Rectangle vs circle isn't the point of this thread, as I understand it. It’s that the calculated width of text determines the width of a float when the float has no specified width. Here is a fiddle demonstrating what I understood people were talking about regarding floats, although it is a different thing than the other jsfiddle in this thread is showing: https://jsfiddle.net/1wj3efkm/
The width of the float not being fixed seems like a massive goal post shift. Unnecessarily so, honestly.
That said, this problem doesn't seem that much harder, honestly. Each float has a max size. They are only smaller if they had less text.
And see the example in the TeX-book. Basically a circular cutout for text aligned on a circle. Both parts fully hyphenated to fill the outline. I'm on my phone, but will try and find an example, if it would help.
It's true that there's no feature that directly corresponds to parshape. (This is what the ill-fated CSS Regions spec was for; the problem with it is that it was far too expressive to the point of becoming near-unimplementable.)
However, I believe you can simulate parshape by just stacking line-sized floats on top of one another and using clear to stack them vertically. This should give you just as much expressivity as parshape.
I think the advantage TeX has here is only over HTML. Specifically, that it is a full programming language. Well, mostly full. Adding in JavaScript and I don't know how the web couldn't do these things. Some of the abstractions will make it harder, of course. But some will make it easier, too.
One thing that makes this hard is Unicode & OpenType. Decent line breaking requires hyphenation which with complex shaping requires entire words to be re-shaped for each combination of possible hyphenation points if we want optimal breaks.
You need more than that. Find a typical LaTeX document and compile with and without \usepackage{microtype}. The difference is enormous. You need character expansion (small expansion to the characters themselves) to do it.
Isn't line breaking an NP complete problem, akin to bin packing? I seem to recall hearing a presentation about it in the context of autoformatters for code. For example, Auto formatting Java code, which is typically verbose, relies on heuristics to avoid computational snares.

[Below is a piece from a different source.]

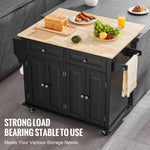 SucceBuy 43" Kitchen Island Cart Wood Top Mobile Carts with Storage Cabinet Rolling Table with Leaf Spice Rack Towel Bar Black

It depends what on what bells&whistles you want, but line breaking is “theoretically” quadratic but, for most use cases, basically linear. A real misfortune is that the Knuth-Plass algorithm was published before we had a good grasp on how to present algorithms well. The actual algorithm is basically just a linear pass (reverse) along with a memo-table. (This is usually described as “dynamic programming”, but I find that term less than useless.)
Even if it is NP Complete, that would really just limit you on the size of a text for which you could find the absolute best line breaking.
Consider, the traveling salesman for the capitals of the US is easily solvable, due to the small size of the problem space. Similarly, I'd imagine the actual problem space to not be that large on line breaking.
Specifically, since line breaking is limited to the paragraphs you are looking at, this probably isn't an issue in most cases. Degenerate cases could be checked for and processing limited to not try too much.
It doesn't actually matter, unless you need an exact solution to the problem.
There are often a number of relatively close and efficient solutions when "close enough" is what you're aiming for.
The independent variables are the width of the line in characters (shown on the horizontal axis), and the length of the text in words (the "depth" axis). The dependent variable is the time that the algorithm takes to run, and it's shown on the vertical axis.
The orientation of the graphs doesn't change, but the scale does pretty massively, and seems to indicate the rough efficiency of the algorithm (the time is always in the range of 0.0-1.0 seconds, so it's clear that brute force is many times slower than the more-advanced algorithms).
Also, maybe I missed it but are these algorithms trying to find the best line breaking solution? How much more efficient can you make this if you look for "good enough"?